▸ What you have to do
Word for word, copy the entire listing.

▸ Exercise data
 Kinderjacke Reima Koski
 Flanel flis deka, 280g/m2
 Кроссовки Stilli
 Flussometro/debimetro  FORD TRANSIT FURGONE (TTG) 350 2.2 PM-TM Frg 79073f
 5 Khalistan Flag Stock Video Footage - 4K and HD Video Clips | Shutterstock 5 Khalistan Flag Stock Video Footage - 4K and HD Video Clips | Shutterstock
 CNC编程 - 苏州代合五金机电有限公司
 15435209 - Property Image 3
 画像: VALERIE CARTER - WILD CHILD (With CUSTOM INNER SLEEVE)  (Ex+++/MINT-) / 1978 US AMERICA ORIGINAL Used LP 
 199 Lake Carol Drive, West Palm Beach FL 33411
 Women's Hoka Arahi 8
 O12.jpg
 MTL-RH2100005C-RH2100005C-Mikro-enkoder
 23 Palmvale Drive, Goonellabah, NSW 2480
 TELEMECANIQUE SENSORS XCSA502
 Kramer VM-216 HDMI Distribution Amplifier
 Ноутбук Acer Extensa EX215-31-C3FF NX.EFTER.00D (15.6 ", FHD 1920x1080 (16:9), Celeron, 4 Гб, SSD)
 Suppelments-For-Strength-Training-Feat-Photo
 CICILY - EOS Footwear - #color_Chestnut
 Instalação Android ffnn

▸ The answer
 Kinderjacke Reima Koski
 Flanel flis deka, 280g/m2
 Кроссовки Stilli
 Flussometro/debimetro  FORD TRANSIT FURGONE (TTG) 350 2.2 PM-TM Frg 79073f
 5 Khalistan Flag Stock Video Footage - 4K and HD Video Clips | Shutterstock 5 Khalistan Flag Stock Video Footage - 4K and HD Video Clips | Shutterstock
 CNC编程 - 苏州代合五金机电有限公司
 15435209 - Property Image 3
 画像: VALERIE CARTER - WILD CHILD (With CUSTOM INNER SLEEVE)  (Ex+++/MINT-) / 1978 US AMERICA ORIGINAL Used LP 
 199 Lake Carol Drive, West Palm Beach FL 33411
 Women's Hoka Arahi 8
 O12.jpg
 MTL-RH2100005C-RH2100005C-Mikro-enkoder
 23 Palmvale Drive, Goonellabah, NSW 2480
 TELEMECANIQUE SENSORS XCSA502
 Kramer VM-216 HDMI Distribution Amplifier
 Ноутбук Acer Extensa EX215-31-C3FF NX.EFTER.00D (15.6 ", FHD 1920x1080 (16:9), Celeron, 4 Гб, SSD)
 Suppelments-For-Strength-Training-Feat-Photo
 CICILY - EOS Footwear - #color_Chestnut
 Instalação Android ffnn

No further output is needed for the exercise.